When I try and pay for something using the payment module I just end up with a blank page created by the hsbc_return.php  :(

 

I just wondered if any one has had this problem, maybe im doing something stupid as per usual  :blush:

 

Many thanks in advance

 

Phil

 

 

Save yourself a lot of time and hassle, ask neil westlake to install it for you.

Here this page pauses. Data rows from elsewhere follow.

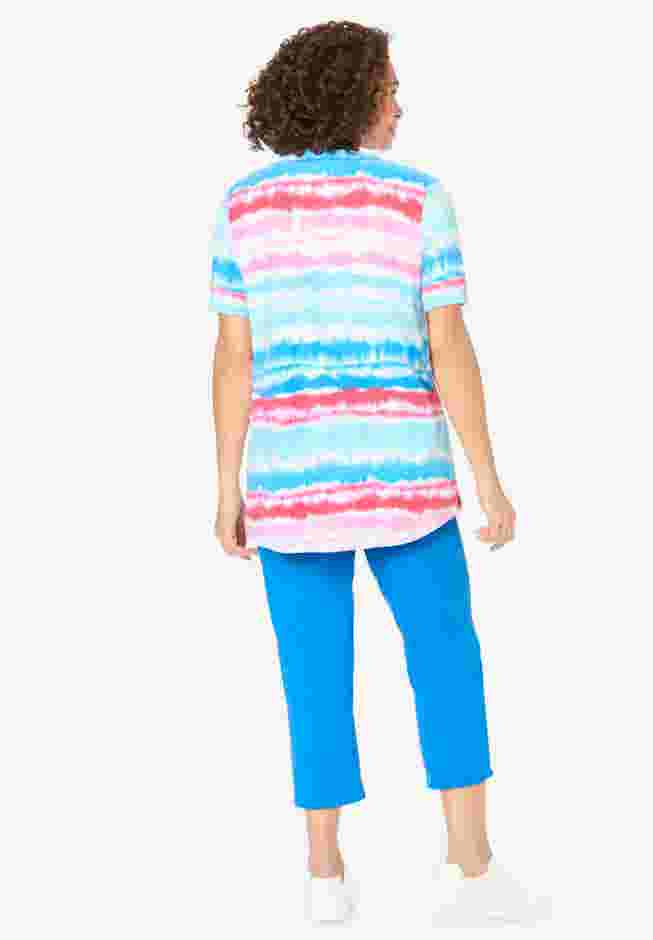 Two-Piece V-Neck Tunic & Capri Set image number 1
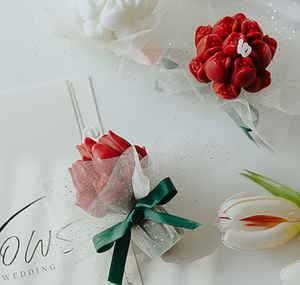 Candela Votiva Aromaterapica Creativa Fatta a Mano in Cera di Soia, a Forma Floreale Moderna ed Ecologica per Occasioni Festive e Diwali - Product Image 4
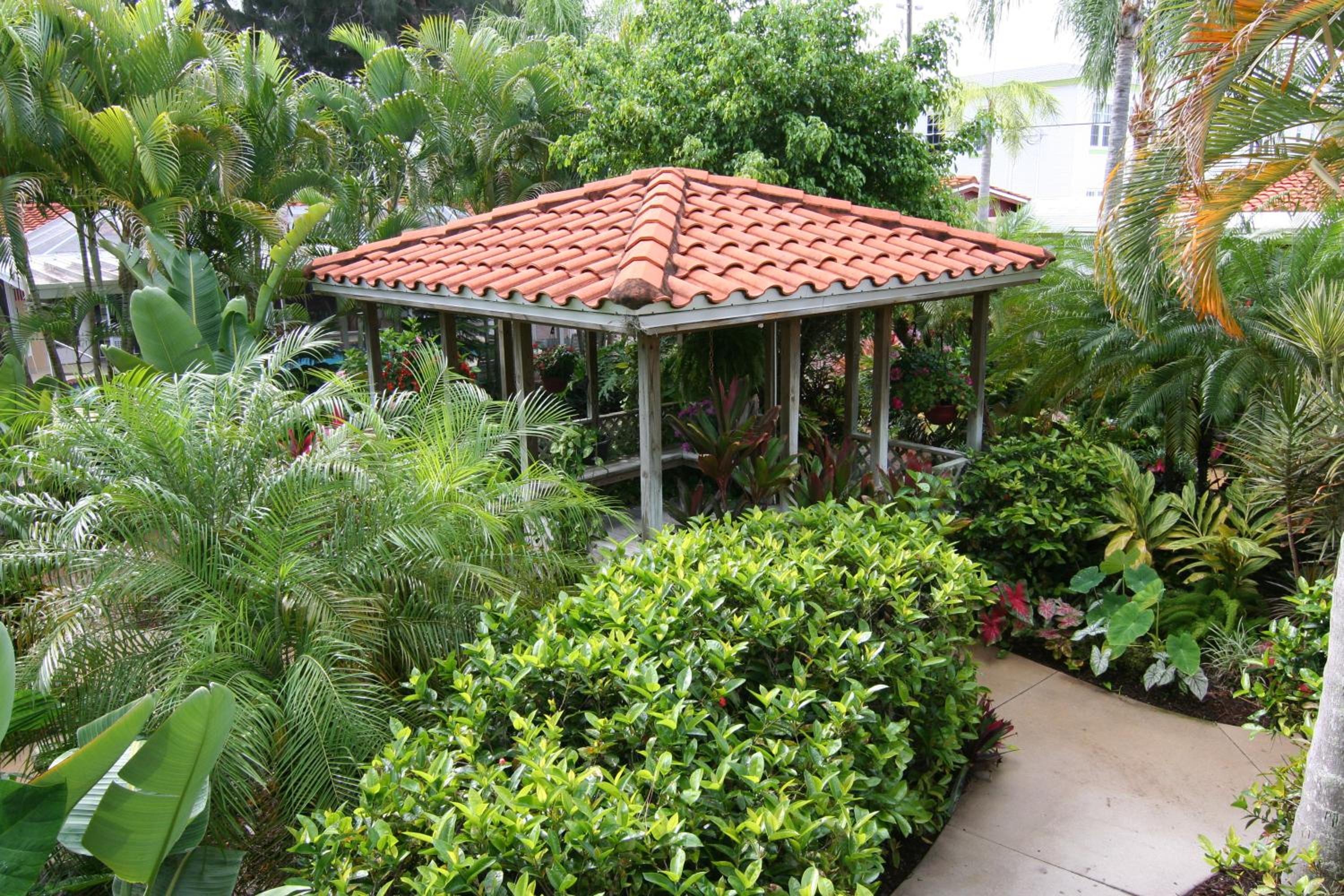 Tropical Villas Of Venice Beach view 3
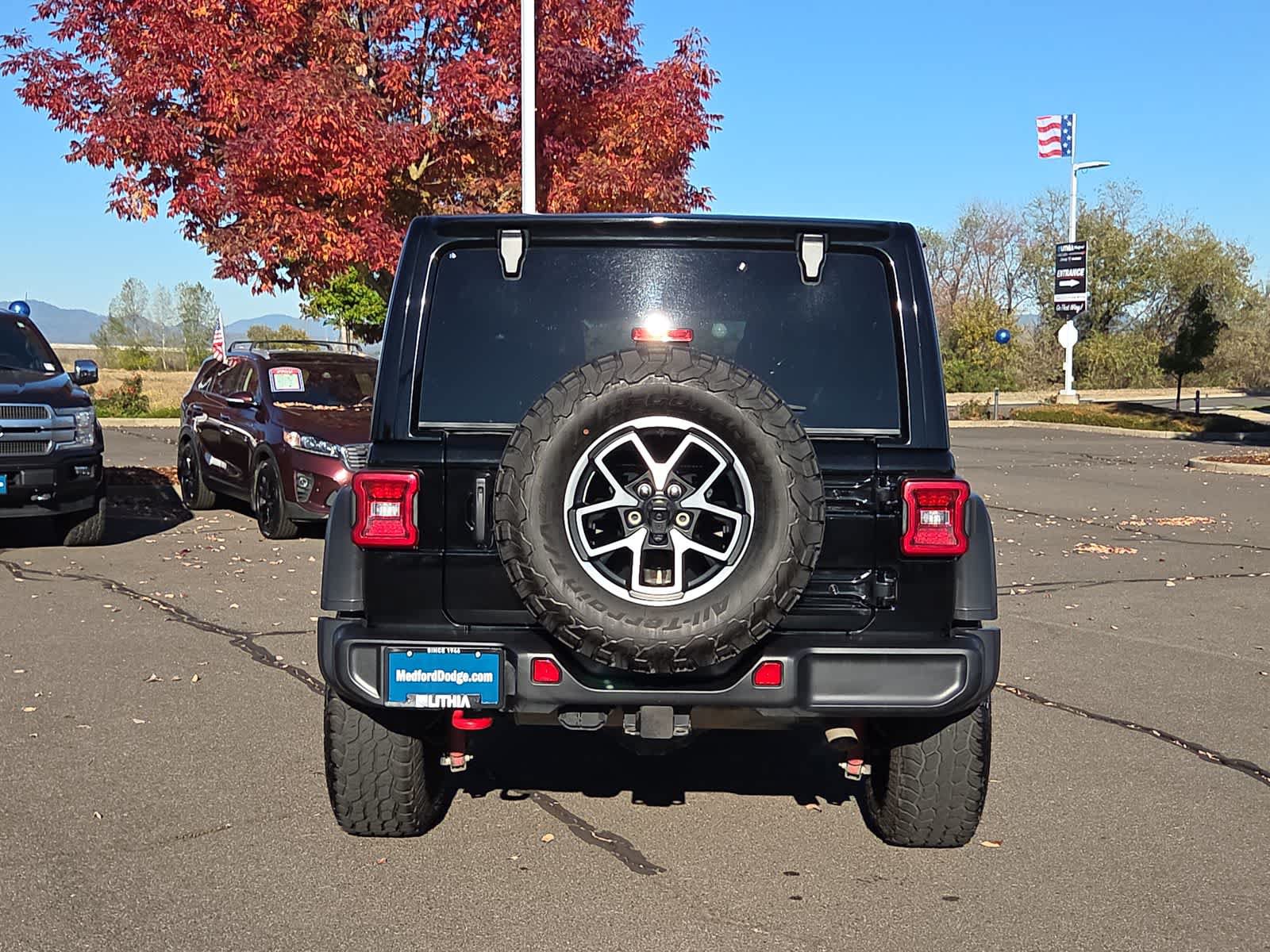 Used 2025 Jeep Wrangler Unlimited Rubicon AWD/4WD image 13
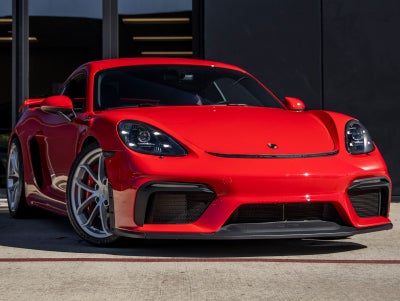 2023 Porsche 718 Cayman GT4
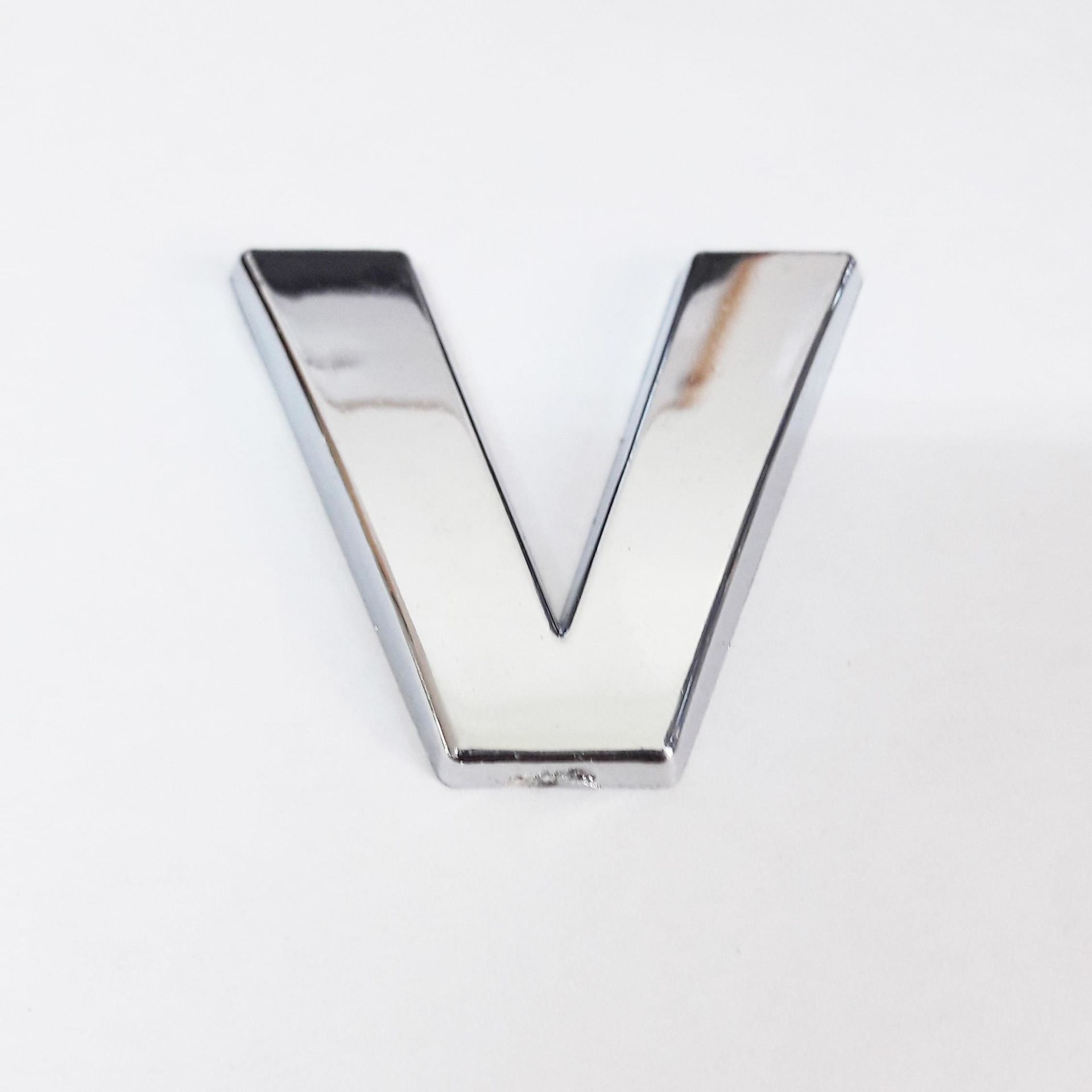 Cemax V Harfi  3,75 cm Krom Yapışkanlı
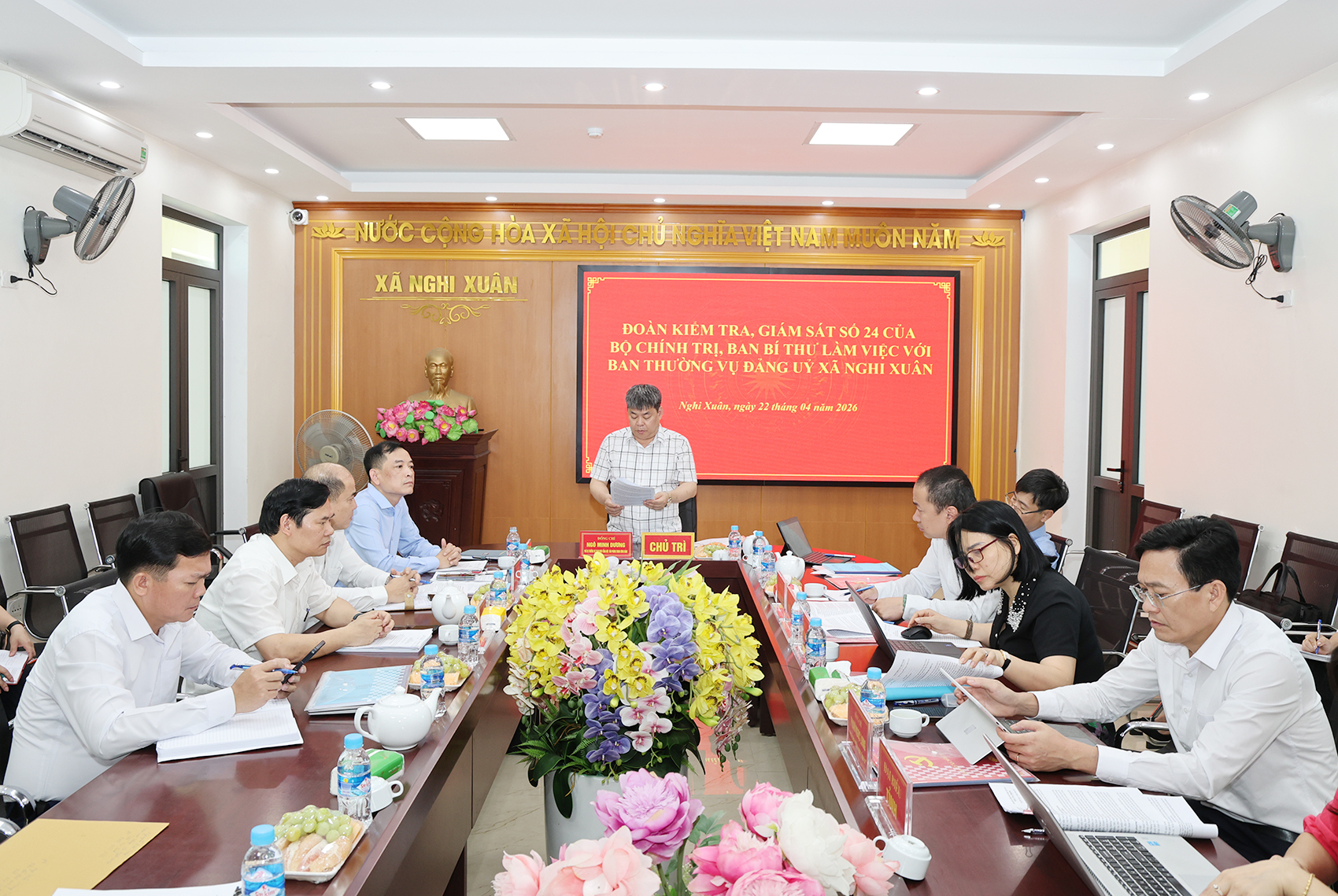 Đoàn Kiểm tra giám sát số 24 của Bộ Chính trị làm việc với Đảng uỷ xã Nghi Xuân.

He is very good value and once he does his thing it all works and you wonder why you didnt ask him a week ago.

Link to comment
Share on other sites

  • Replies 1.2k
  • Created
  • Last Reply

Top Posters In This Topic

I've got over the blank page for some reason the hsbc.php file had the #?php line twice at the top, so I deleted the first line and now it works.. :thumbsup:

 

BUT.... lol I keep getting the red banner error which says:

 

The transaction failed because the Storefront was configured incorrectly.

 

I've checked my log files ssl_error,access etc. and I cannot see any errors :(

 

Im stuck like a peice of chewing gum on the bottom of an old shoe! :blink:

 

Regards

 

Phil

Link to comment
Share on other sites

Phil,

 

The problem you've got now is caused either because the order hash hasn't been generated correctly or the timestamp is incorrect.

 

Your going to need a lot of patience as your only just seeing some of the problems you are likely to encounter.

 

Regards

 

Neil Westlake

Link to comment
Share on other sites

Ok so i've now got to the stage where by my Hash key is not hitting the HSBC's server? (at least thats what the HSBC rep told me on the phone)

 

1) I've copied the lib files over from the hsbc cd (although I must say im not %100 sure i've transfered all the files into the wright places there were about 5 files all in all ;) )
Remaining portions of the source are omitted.